··· SUPPLIED MATERIAL ···

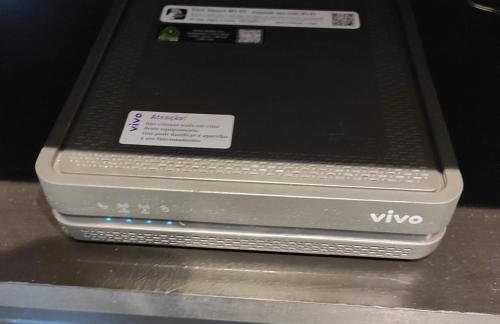 Studio for 02 guests WIFI 300MB air conditioner only twoo minutes of subway station LUZ SP - Foto 26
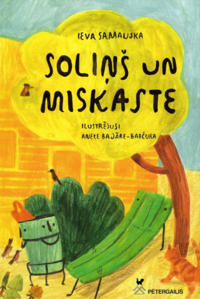 Solinš un miskaste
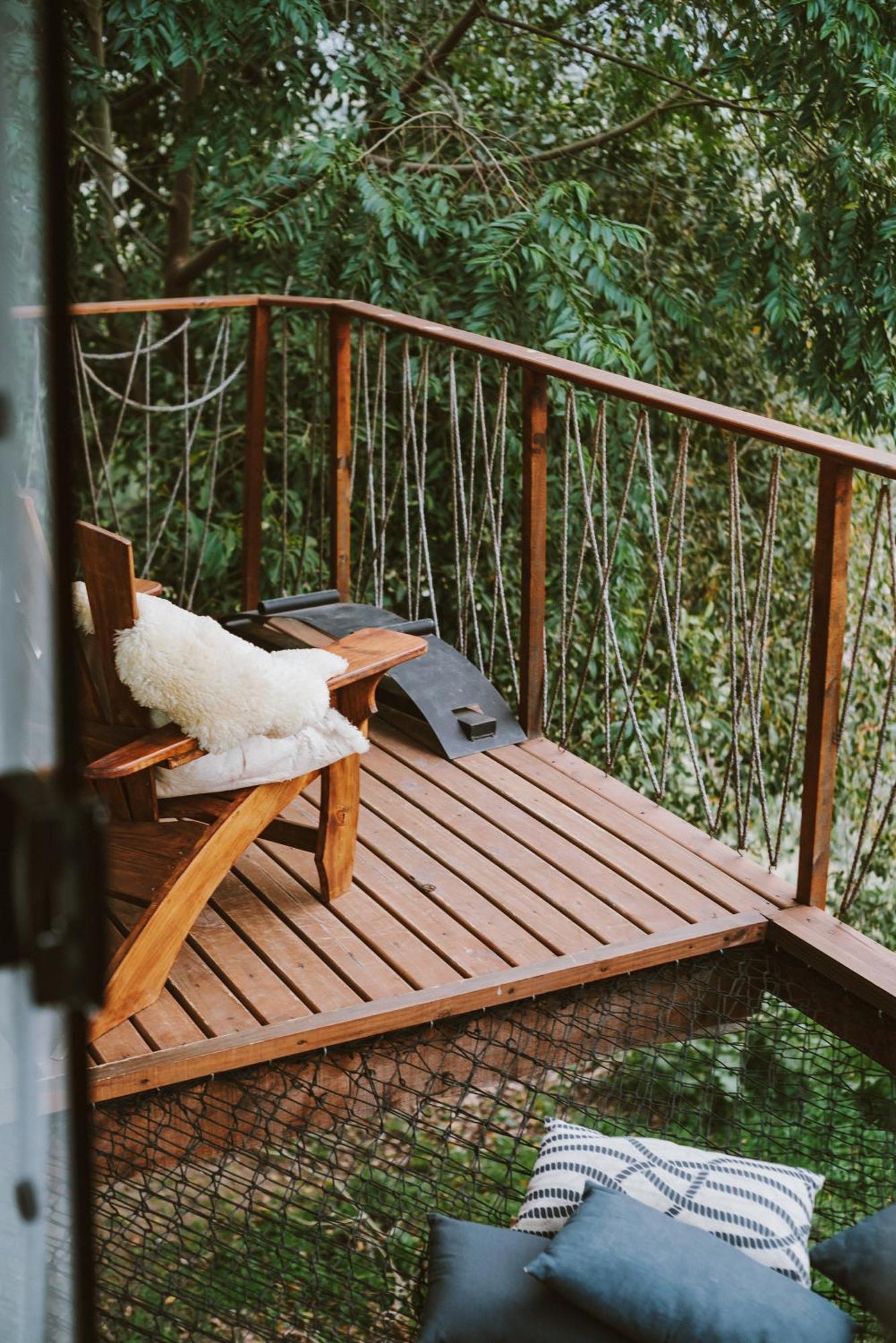 Vale Dos Saltos Cabanas ทิชูกัส ภายนอก รูปภาพ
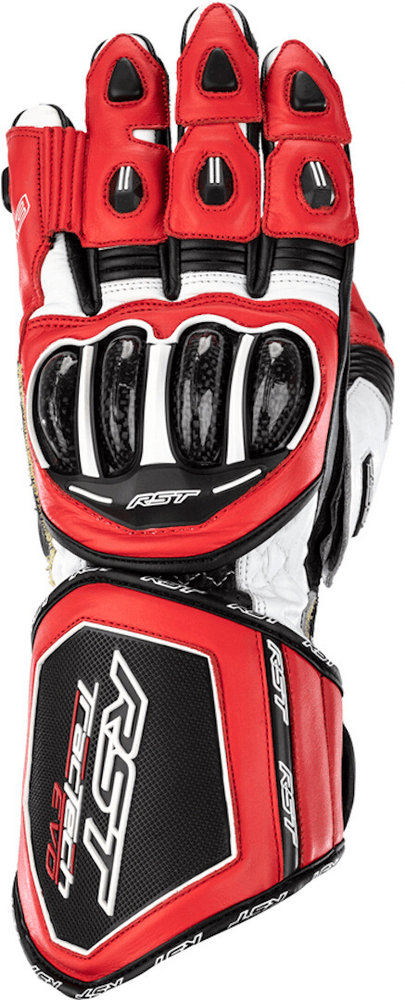 RST Tractech Evo 4 Motorcycle Gloves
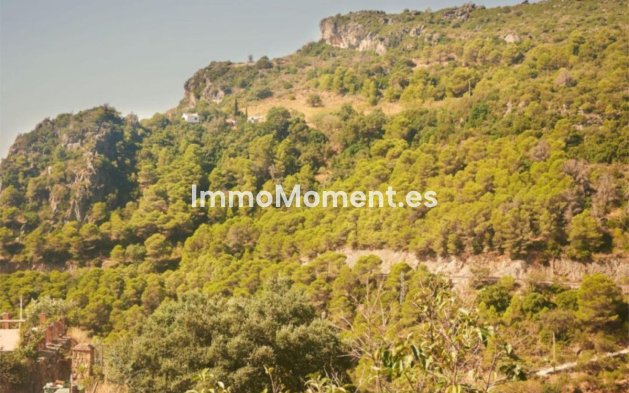 Revente - Maison de campagne - Casares - Casares Centro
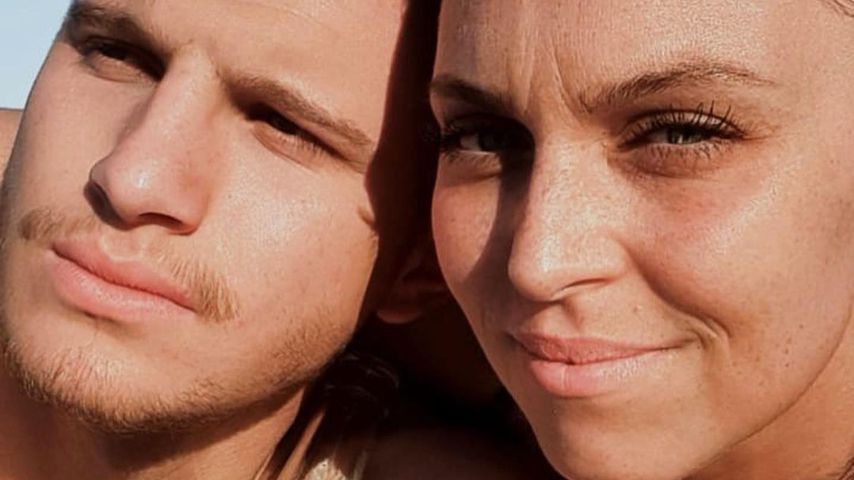 Pascal und Luise: Wie klappt Beziehung am "Köln 50667"-Set?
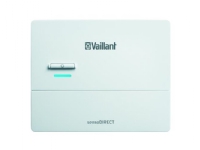 Vaillant sensoDIRECT VRC 710 Wetterkompensation 1-Kreis für neue Serie ecoTEC (eBUS) von VAILLANT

···

• **PROBLEM STATEMENT**
Print the data above exactly, minus pictures.

• **TASK ANSWER**
 Studio for 02 guests WIFI 300MB air conditioner only twoo minutes of subway station LUZ SP - Foto 26
 Solinš un miskaste
 Vale Dos Saltos Cabanas ทิชูกัส ภายนอก รูปภาพ
 RST Tractech Evo 4 Motorcycle Gloves
 Revente - Maison de campagne - Casares - Casares Centro
 Pascal und Luise: Wie klappt Beziehung am "Köln 50667"-Set?
 Vaillant sensoDIRECT VRC 710 Wetterkompensation 1-Kreis für neue Serie ecoTEC (eBUS) von VAILLANT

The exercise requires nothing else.